DIRECTIONS FOR THIS TASK>
Copy out exactly the stretch of the listing below that begins at the line containing "Small Genuine Leather" and ends at the line containing "Elegante Winter Holly", and copy nothing outside it.

SOURCE MATERIAL>
--- START ---
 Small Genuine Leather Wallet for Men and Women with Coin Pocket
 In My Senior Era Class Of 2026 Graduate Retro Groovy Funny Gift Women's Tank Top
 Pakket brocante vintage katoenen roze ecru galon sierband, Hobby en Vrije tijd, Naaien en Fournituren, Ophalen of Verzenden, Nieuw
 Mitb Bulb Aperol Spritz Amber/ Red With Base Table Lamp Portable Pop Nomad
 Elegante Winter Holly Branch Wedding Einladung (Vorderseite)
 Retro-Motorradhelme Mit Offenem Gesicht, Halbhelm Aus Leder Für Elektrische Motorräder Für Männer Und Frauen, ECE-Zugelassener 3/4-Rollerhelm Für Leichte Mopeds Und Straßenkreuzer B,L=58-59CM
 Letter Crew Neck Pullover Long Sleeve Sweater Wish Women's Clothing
--- END ---
--- START ---
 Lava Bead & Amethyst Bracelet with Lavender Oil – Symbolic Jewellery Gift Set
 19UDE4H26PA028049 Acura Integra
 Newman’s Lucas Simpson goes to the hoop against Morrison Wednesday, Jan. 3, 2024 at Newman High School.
--- END ---
--- START ---
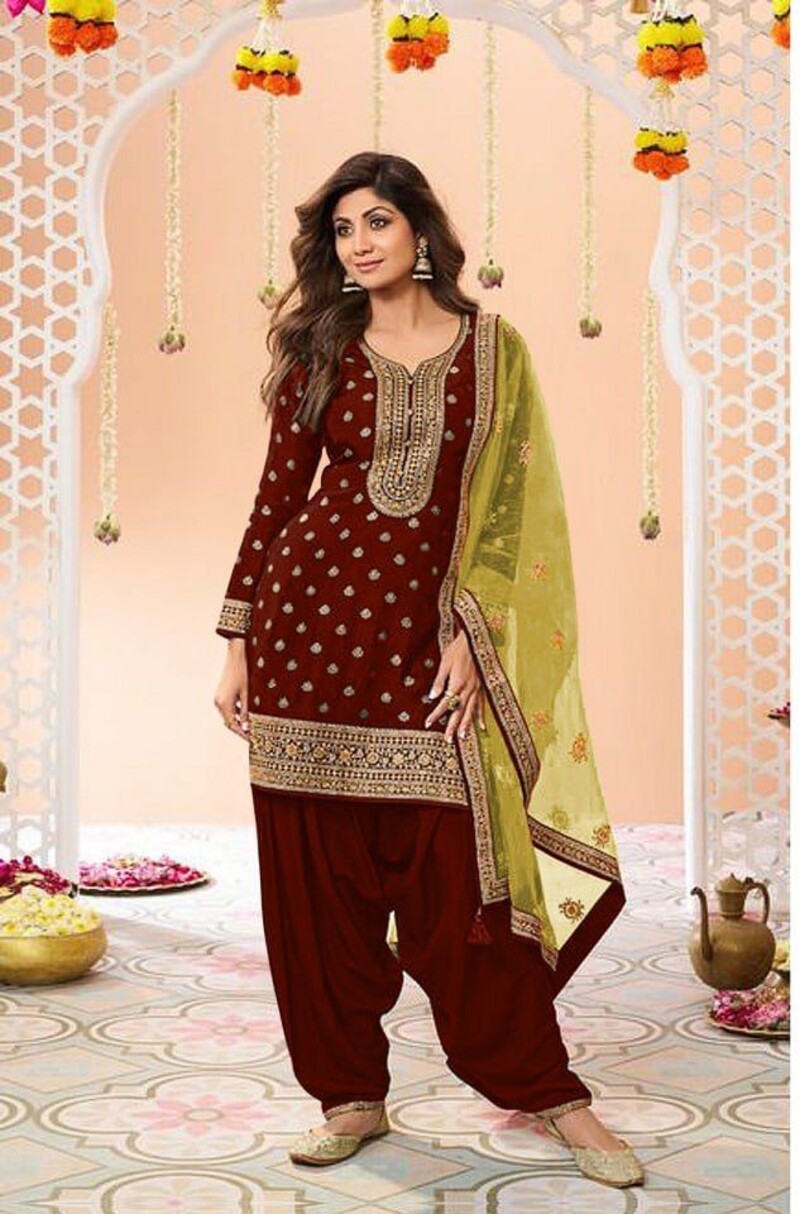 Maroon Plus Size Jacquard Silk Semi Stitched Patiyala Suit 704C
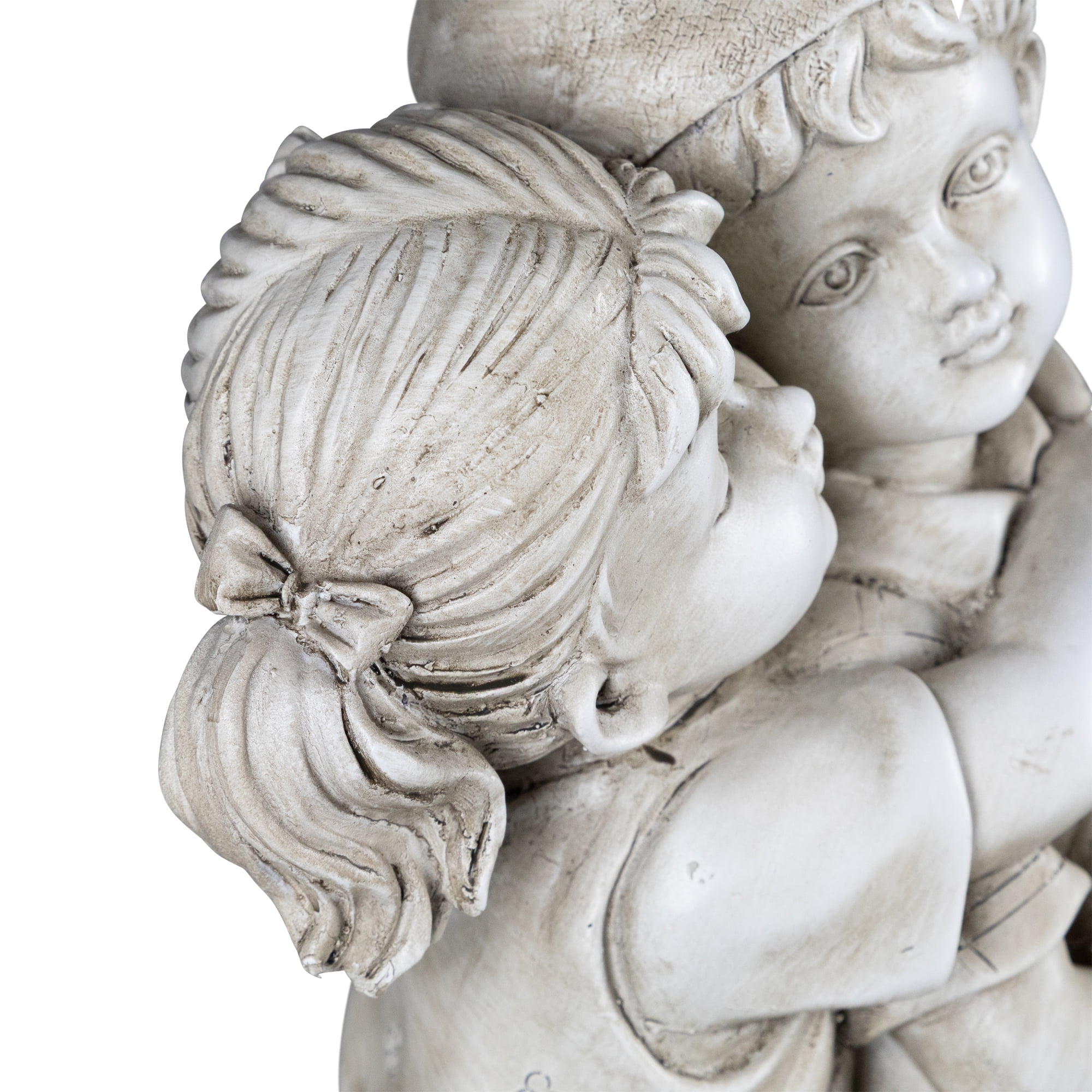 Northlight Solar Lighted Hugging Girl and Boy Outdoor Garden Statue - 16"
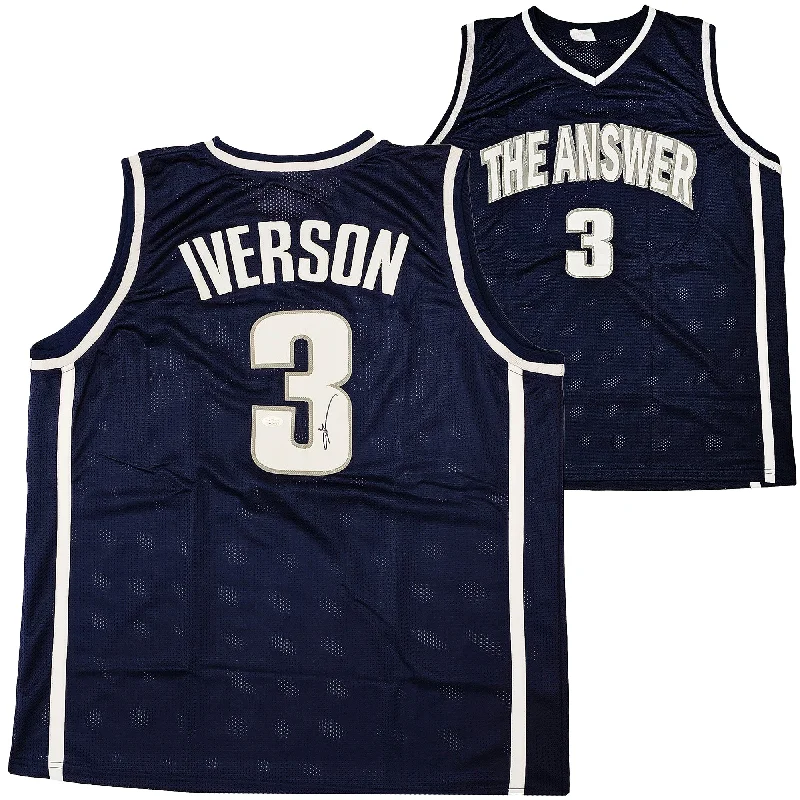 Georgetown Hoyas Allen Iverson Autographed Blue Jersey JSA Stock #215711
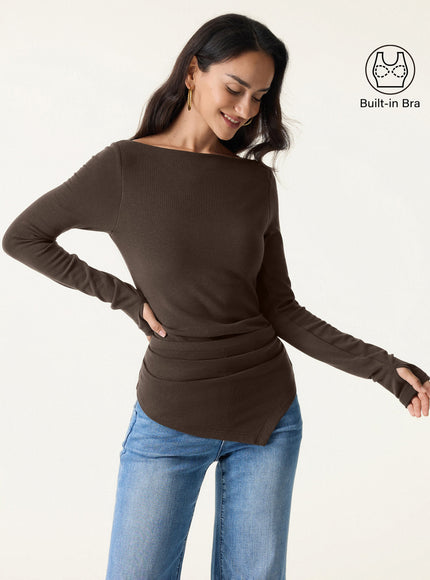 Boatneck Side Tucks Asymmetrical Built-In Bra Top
--- END ---
EXERCISE SOLUTION>
 Small Genuine Leather Wallet for Men and Women with Coin Pocket
 In My Senior Era Class Of 2026 Graduate Retro Groovy Funny Gift Women's Tank Top
 Pakket brocante vintage katoenen roze ecru galon sierband, Hobby en Vrije tijd, Naaien en Fournituren, Ophalen of Verzenden, Nieuw
 Mitb Bulb Aperol Spritz Amber/ Red With Base Table Lamp Portable Pop Nomad
 Elegante Winter Holly Branch Wedding Einladung (Vorderseite)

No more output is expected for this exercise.